One of those former students is Holly (Turner) DeGonia, who called Aldrich her instructor from 2001 to 2004, and now calls him “mentor.”

“Mr. A was very instrumental in my life, and continuing on through high school and college,” she said. “When it came to judging horses, being active in agriculture and actually extending myself beyond the knowledge that I already had of horses into other species, into the livestock end of it, into the crops end of it, and really helped develop my knowledge that so much of it I’ve been able to use the rest of my life. I’ve always really been appreciative and he’s always believed in me and I never forgot about that. I always really, really appreciated the time that he spent with me trying to develop my knowledge in the contest area, and just anything about FFA. He was always very helpful.”

DeGonia said it is apparent how much Aldrich cares about his kids. Hating to remember that is has been 10 years since she was in high school, she stated, “Anytime you see him, he remembers all of his kids. All those kids that were active, he remembers us, and you can tell that he really, truly cared about each and every one of his kids. And if you had a desire to learn he would do everything he could to help you along the way.”

Aldrich said he has learned much from the kids in his 31 years.

“You’ve got those kids that you know are going to make something out of their lives, and then you’ve got others that you really wonder,” he said. “And I’ve been fortunate enough to have some of those kids as students, and that’s really cool.

“You’re tickled anytime you see a kid get out and succeed in life.
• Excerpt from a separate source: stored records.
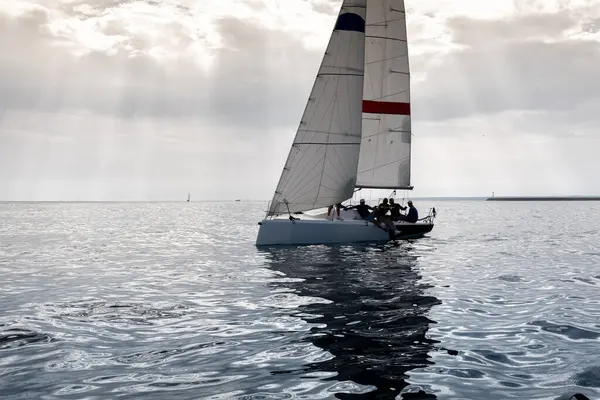 Σκάφος Πλήρωμα Διαγωνίζεται Ρεγκάτα Στη Γαλήνια Μεσόγειο Θάλασσα Επιδεικνύοντας Ναυτικές Φωτογραφία Αρχείου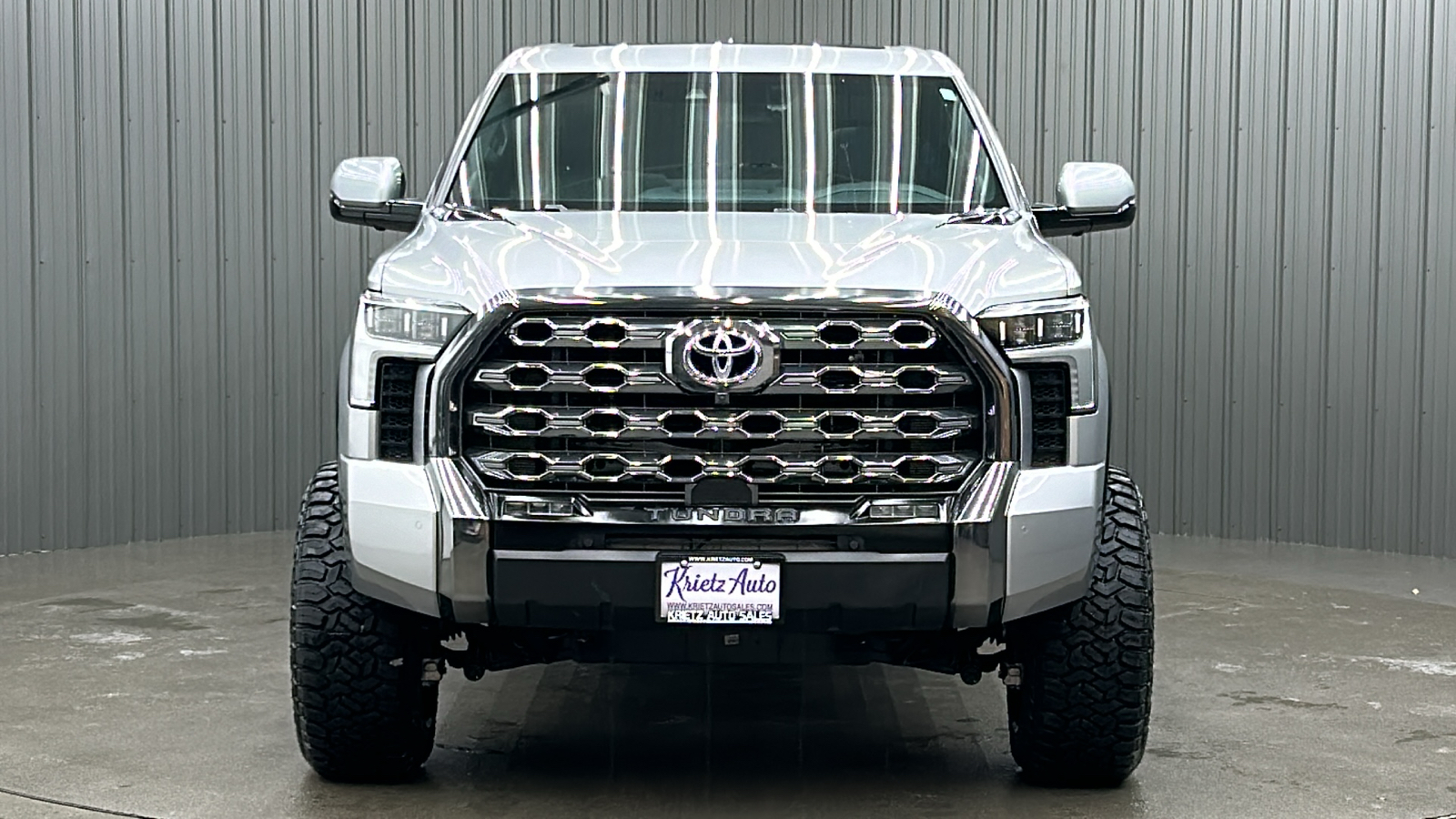 2024 Toyota Tundra Hybrid Platinum 8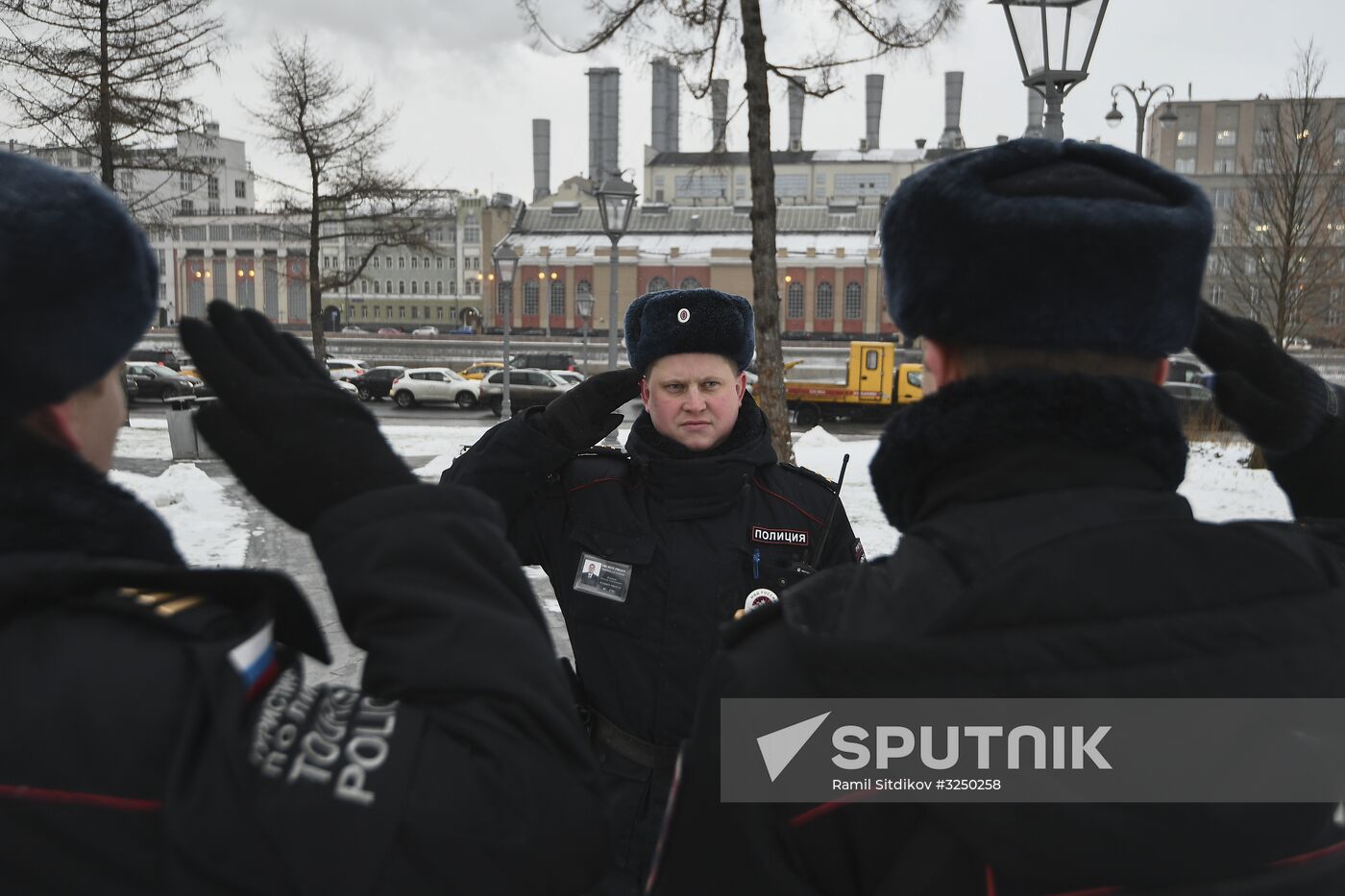 Tourist police units patrol central Moscow
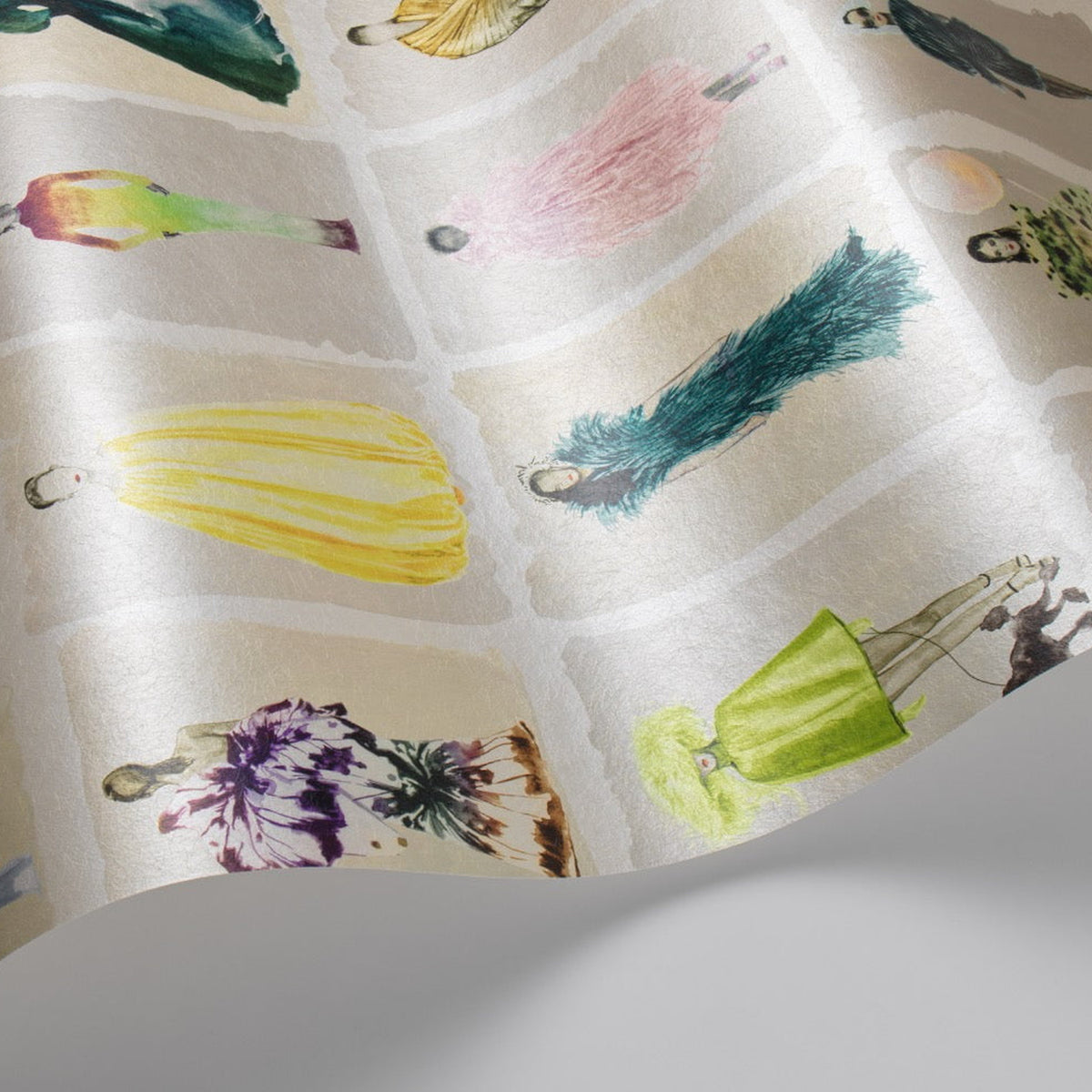 Cole & Son Couture Carousel wallpaper in Pastel Pearl — detail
I mean, that’s why we become teachers.”

He said the Food For America program, which he had in high school, is what inspired him to become a teacher.

“Because my two passions: I’ve always loved kids — as one of the oldest of 10 kids maybe is part of that — and then I’ve always loved agriculture. I guess that was bred into me.”
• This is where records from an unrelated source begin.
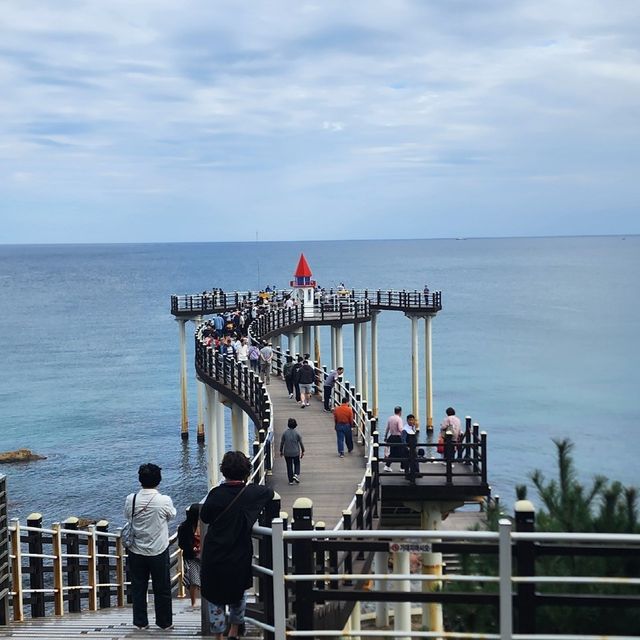 많은 관광객들이 찾고 있는 이가리 닻전망대.[사진=포항시]
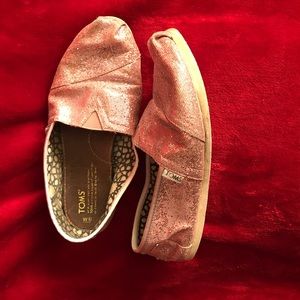TOMS glitter canvas shoe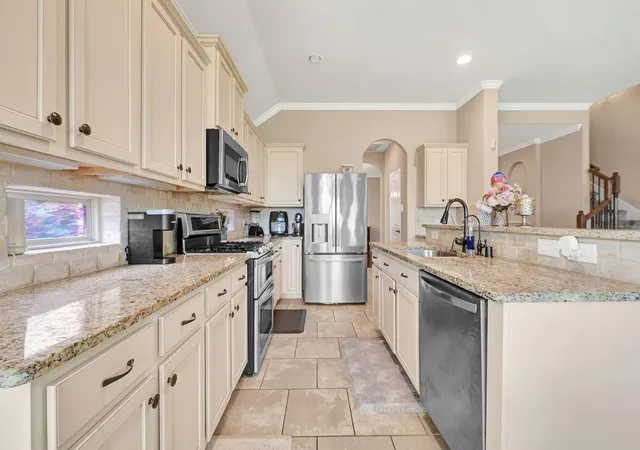 Photo 4 of Single family home for sale at 19443 Alton Springs Dr, Cypress, TX 77433 | MLS# 52678581 | Listing updated on 2026-08-24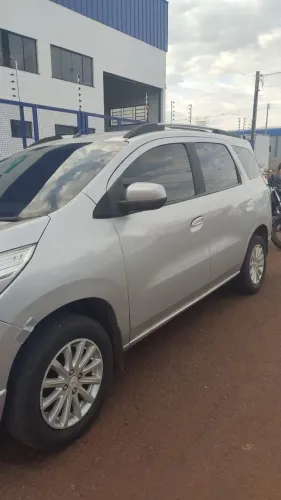 Chevrolet Spin LT 1.8 8V Econo.flex 5P Mec. 2015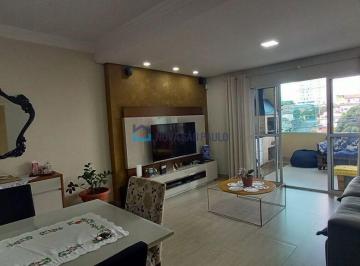 Casa · 240m² · 3 Quartos · 4 Vagas · Casa à venda com 240m² de área útil, 3 dormitórios, 1 suite, 4 vagas.
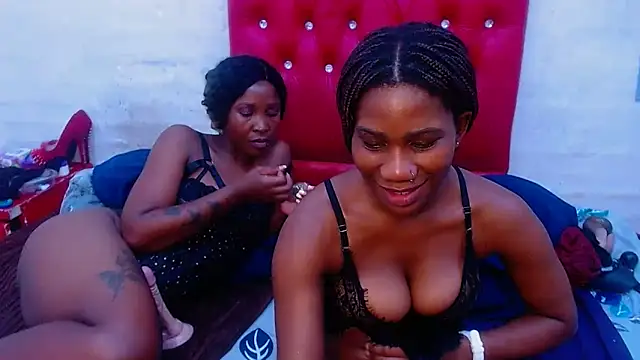 Snapshot of XSCARLETQUEENXX chatting on 28, 3, 2026 XSCARLETQUEENXX online show from 28, 3, 2026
Upon retirement at the end of the school year, “Mr. A” said he will definitely miss the kids.

“But what I won’t miss is the in-service, but definitely the kids and seeing them succeed,” Aldrich said. “One of my favorite deals is watching the kids compete, and then I’ve had wonderful help and support here in the community — Mike Wilson helping out with dairy cattle, Brian Scott with agronomy and Gary Smith with forestry — and just all the people in the community that’s help teach me, too, and helped the kids. I’ll miss that part and I will miss the everyday interaction with the kids, too.”

Though he is retiring, Aldrich is sure he’s not finished teaching. He mentioned the possibility of substitute teaching at Neosho, or working for such agencies as University Extension, the Conservation Department, and the National Park Service.

“I’m going to find something for a couple more years before I totally quit working,” he said. “I just like teaching, and so that’s what I’m going to do, is teach some way, somehow, in some form.”

Planned as a surprise, which his wife, Cindy Aldrich, was able to keep the lid on despite an invitation to the community to attend the reception in Sunday’s edition of the Neosho Daily News, Cindy Aldrich said the surprise was kept until earlier in the day Tuesday, when a youngster told Mr. A, “I’ll see your family tonight at your party.”